- [Activity]
Copy out all of the data word for word. Omit every picture.

----- Data shown -----

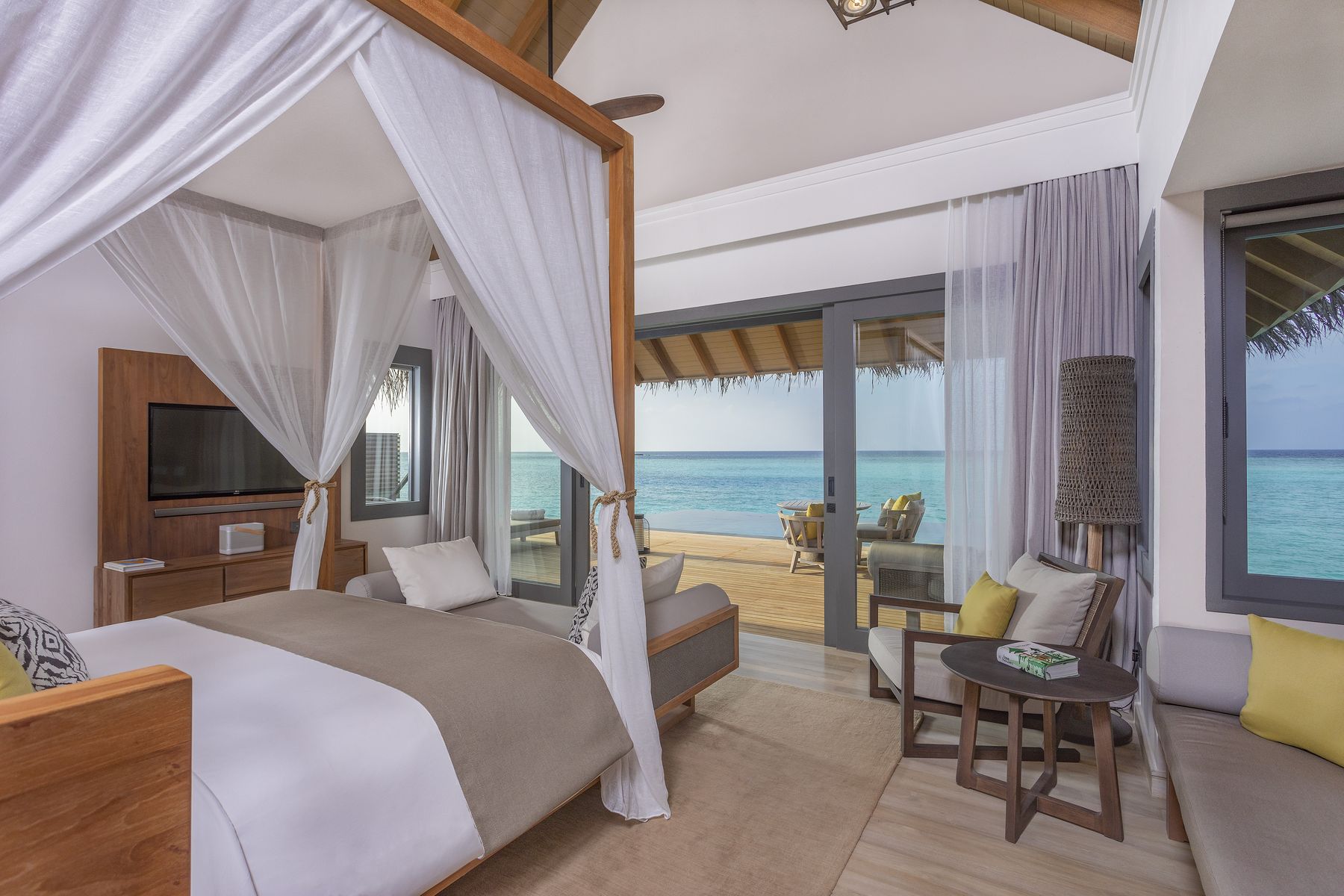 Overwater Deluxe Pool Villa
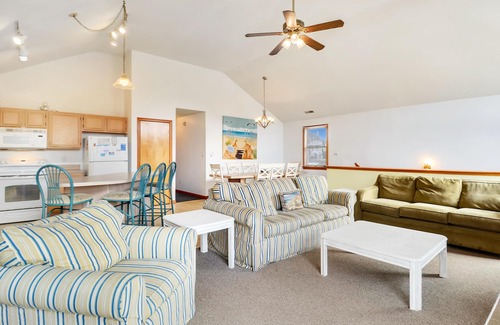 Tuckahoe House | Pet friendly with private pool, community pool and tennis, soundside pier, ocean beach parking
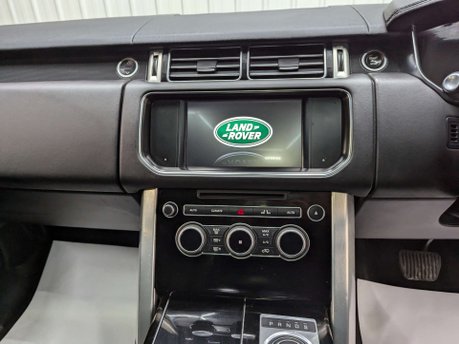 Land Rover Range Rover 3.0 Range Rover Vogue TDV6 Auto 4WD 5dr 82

-----

- [Task result]
 Overwater Deluxe Pool Villa
 Tuckahoe House | Pet friendly with private pool, community pool and tennis, soundside pier, ocean beach parking
 Land Rover Range Rover 3.0 Range Rover Vogue TDV6 Auto 4WD 5dr 82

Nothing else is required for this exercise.